"Die zivile Invasion"

Heimbach- Eifel, 25.08.2015

Die 8. Plage: Da sprach der Herr zu Mose: Recke deine Hand über Ägyptenland, dass Heuschrecken auf Ägyptenland kommen und alles auffressen, was im Lande wächst, alles, was der Hagel übriggelassen hat.
(2 Mos 10,12).

So heißt es in der Bibel über die 10 Plagen, die Gott den Ägyptern gesandt hat. In fünf Kapiteln zeichnet das biblische Buch Exodus ein Horrorszenario für das Land der Pharaonen.

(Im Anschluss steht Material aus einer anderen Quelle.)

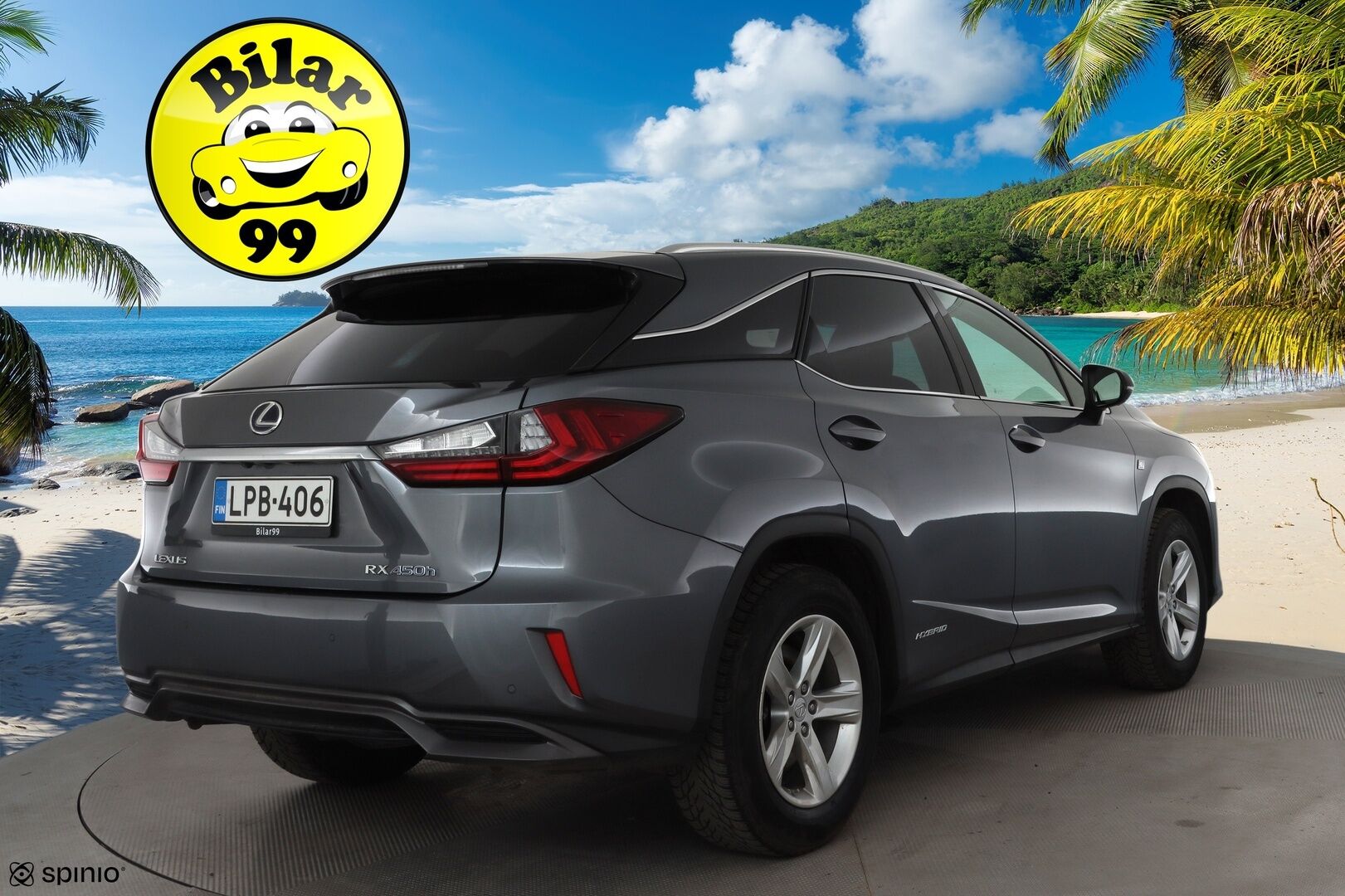Lexus RX 2017 450h Hybrid 4WD A F Sport * Mark&Levinson / Panorama / HUD / ACC / LED / 360° / Ilmastoitu Muistipenkki / Navi * - HULLUT JOULUT KORKOTARJOUS 2,49% 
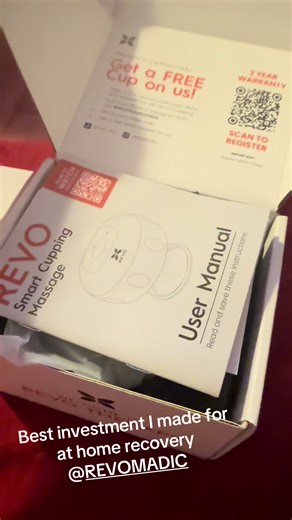REVO makes at home recovery easier especially being a single female athlete Recovery is just as important as training #revochallenge #recovery #athlete #massagetherapy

Mit der 8. Plage in der Bibel in etwa vergleichbar, nur mit umgekehrten Vorzeichen, sind die jetzigen Völkerwanderungen aus einigen Ländern Afrikas, dem Nahen Osten und sogar aus dem Balkan, auf dem Weg nach Europa, bevorzugt aber nach Deutschland. Hier erhoffen sich die Asyl­bewerber ein besseres Leben in Frieden und Freiheit. Viele glauben, sie kommen in ein Land, in dem quasi Milch und Honig fließt. Diese Vorstellung deutscher Lebensart haben in erster Linie die Schlepperbanden den Flüchtlingen suggeriert, die wiederum von den Asylbewerbern tausende Euros für die Einschleusung in Deutschland kassieren.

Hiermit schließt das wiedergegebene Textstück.